One major shortcoming is the absence of guidance on integrating gameplay into a broader pedagogy. The website could be enhanced by some suggestions on debriefing/discussion, which is often the single most important part of games-based learning. It would also have been useful if they had suggested resources for additional reading.

I will certainly be using Mission Zhobia in future in my own peacebuilding course at McGill University. I also look forward to seeing what other learning materials the consortium might produce.

2 responses to “Review: Mission Zhobia

  1. Frauke de Weijer 22/06/2017 at 6:50 am

    Dear Dr Rex Brynen,

    Thank you very much for discussing our game Mission Zhobia: Winning the Peace in your blog! It is really good to see it is being picked up across the world, and it would be fantastic if you would indeed integrate it in your course at the University.
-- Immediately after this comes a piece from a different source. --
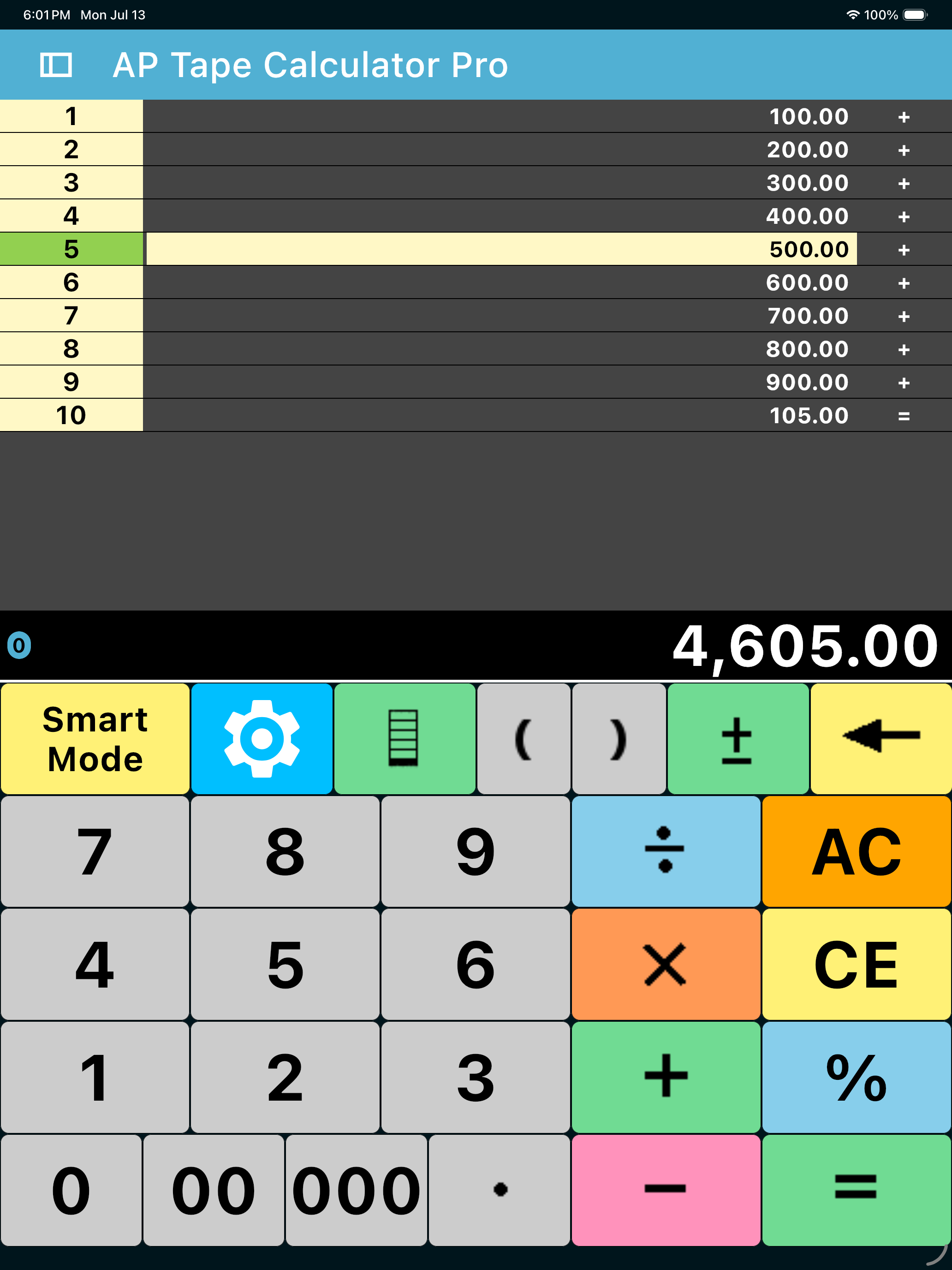 AP Tape Calculator Pro screenshot 9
    We would like to offer a quick answer to your last point about the guidance for trainers. The reason we did not integrate this into the website is because our consortium members are all training institutes themselves. They will integrate it into their own training programs, and develop their own pedagogical material around it. However, as we put it out online for all to use (with the exception of commercial training institutes, who we expect to make a contributing to the running costs of the game), it may be worthwhile to still consider putting some guidance up for institutions such as yours. We will take it into consideration again in our future consortium meetings.

    best regards,
    Frauke de Weijer & Peter Cross
    PeaceNexus Foundation

  2. Rex Brynen 22/06/2017 at 2:18 pm

    Thanks for the comment on my comments!
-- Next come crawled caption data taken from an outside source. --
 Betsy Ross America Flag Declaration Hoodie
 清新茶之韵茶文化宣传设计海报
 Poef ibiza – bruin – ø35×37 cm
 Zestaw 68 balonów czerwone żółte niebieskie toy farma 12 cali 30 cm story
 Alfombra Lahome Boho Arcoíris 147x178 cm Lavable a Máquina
    In my experience many humanitarian and peacebuilding organizations do a very poor job of debriefing simulations–typically, much worse than universities. Consequently, developing some recommended best practices would probably be quite helpful, especially if you develop other games going forward.

    ECB, of course, did a major project on humanitarian simulation a few years back (http://www.ecbproject.org/ecb/the-ecb-project-case-study-simulating-the-worst-to-prepare-the-best-a-study-of-humanitarian-simulations-and-their-benefits). However, while this repeatedly mentioned the importance of curriculum integration and debriefing, it offered very little guidance on how to do this well.